0
votes

Lately there's been a rash of bot posts to our forms for the purpose of posting links (backlink bots).

We've added reCaptcha only to find it's been cracked and the bots can figure out the proper response.

We've added a Honeypot field but find these submissions are posting without using the form. Looks like the first catalog the form for required fields then submit only those, crack the captcha and post their spam to a comment field.

I'm sure they are blindly posting to any forms thinking they will be a blog comment so our contact us forms are getting caught up in the mess.

Next step is to block the submission if the contents contain a link. This seems like the best logical method as it goes for their goal as the trigger to block.

Question: Would looking for url characters be the best method to isolate a spam submission or could FILTER_SANITIZE_URL be used as a hook to trigger the deny?

3
Add a nonce as a hidden form field, if the right random nonce from the request is not returned with the form submission then bin itAnigel
take the shotgun approache and just remove all html from the submission? can't have links if there's no html.Marc B
do you use csrf tokens?piddl0r
only reCaptcha and honeypot at this time. Looking for next level that will work as these methods are not working. I'll research Nonce. And simply removing the html will not help as we are trying to block any submission that contain html not strip the html out and allow the post.Burndog

3 Answers

0
votes

Just expanding on my comment as a few people seemed to think it had merit.

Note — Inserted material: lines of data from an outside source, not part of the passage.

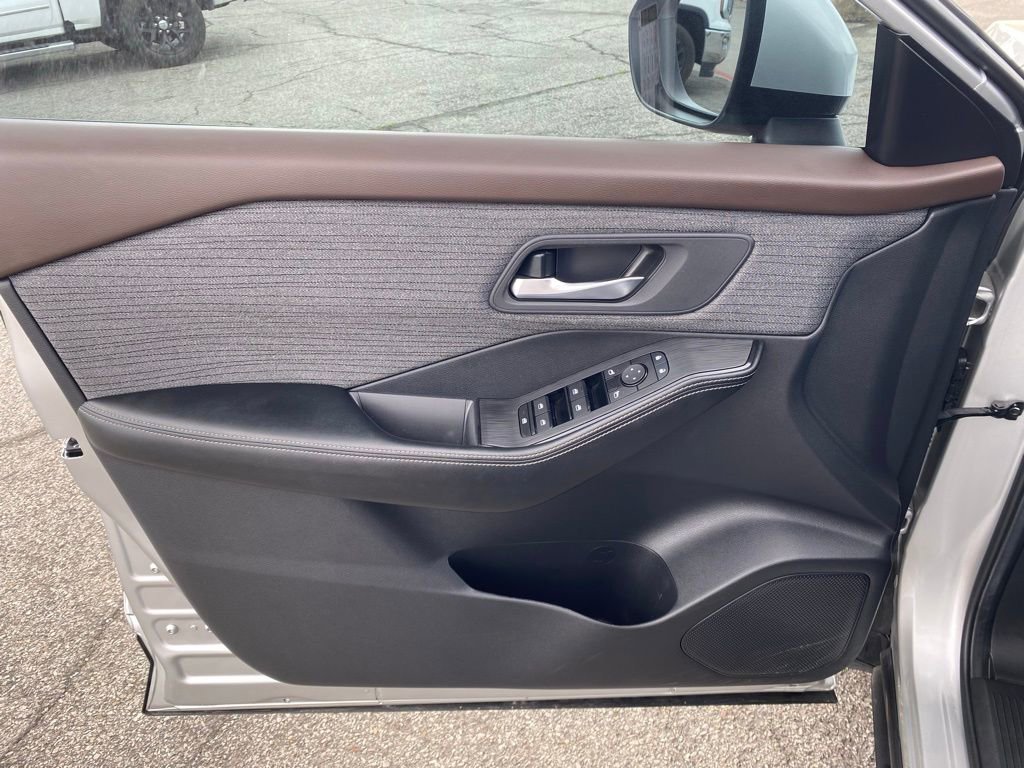 Used 2023 Nissan Rogue SV image 12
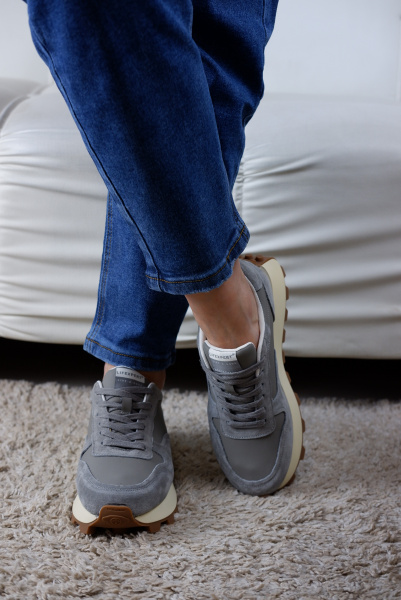 Кроссовки женские <ZK-910 серы/з+к>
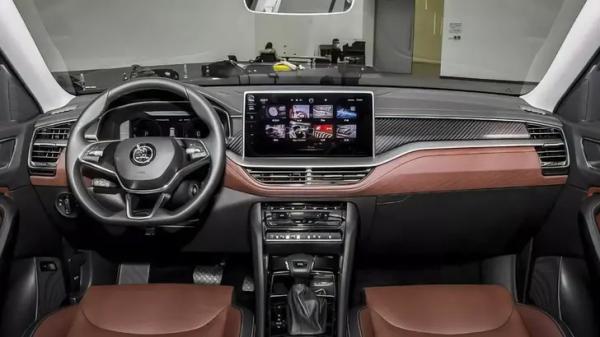Самый популярный семейный кроссовер Skoda вернулся в Россию. Цена приятно удивит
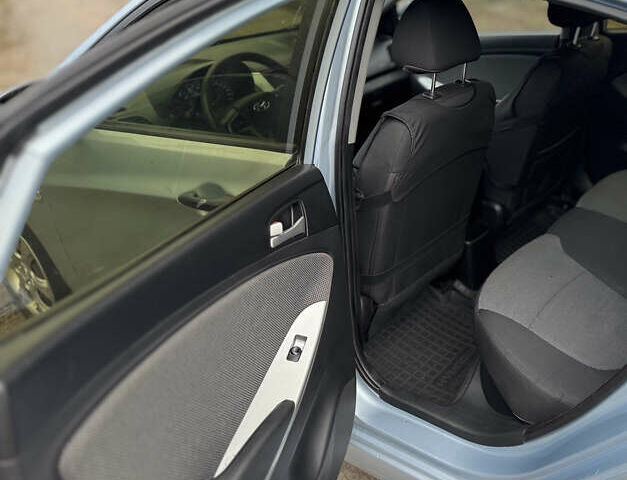 Серый Хендай Акцент, объемом двигателя 1.4 л и пробегом 127 тыс. км за 7000 $, фото 15 на Automoto.ua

There are several approaches to this.

I would suggest adding a nonce to your forms as a hidden field. When the user requests a form from your site a nonce is created that has to be returned with the form by that user for it to be a valid submission.

This answer gives more information about that. How to create and use nonces

You also say about blocking all entries that contain any html. a simple method of doing that is

if (strip_tags($string) !== $string)
    // Drop post as it had html in it
0
votes
if (strstr($data,'http://')) {
    echo "contains link";
}
-1
votes

You can pass some checksum along with the form data to validate it. On client-side, add an event listener on form's "submit" event, where you, for example, calculate sum of length of all form fields, and then put it in hidden field. On server-side, calculate the checksum the same way, and compare it with what you got in that hidden field.

Sum of lengths is the simplest way of checking, but it would cut off all automated bots, that are not targeting exactly your site. But if that would not be enough, you can create more complex algorithm to calculate checksum, and then obfuscate that javascript, so it would take a lot more effort to adapt these bots for your protection system.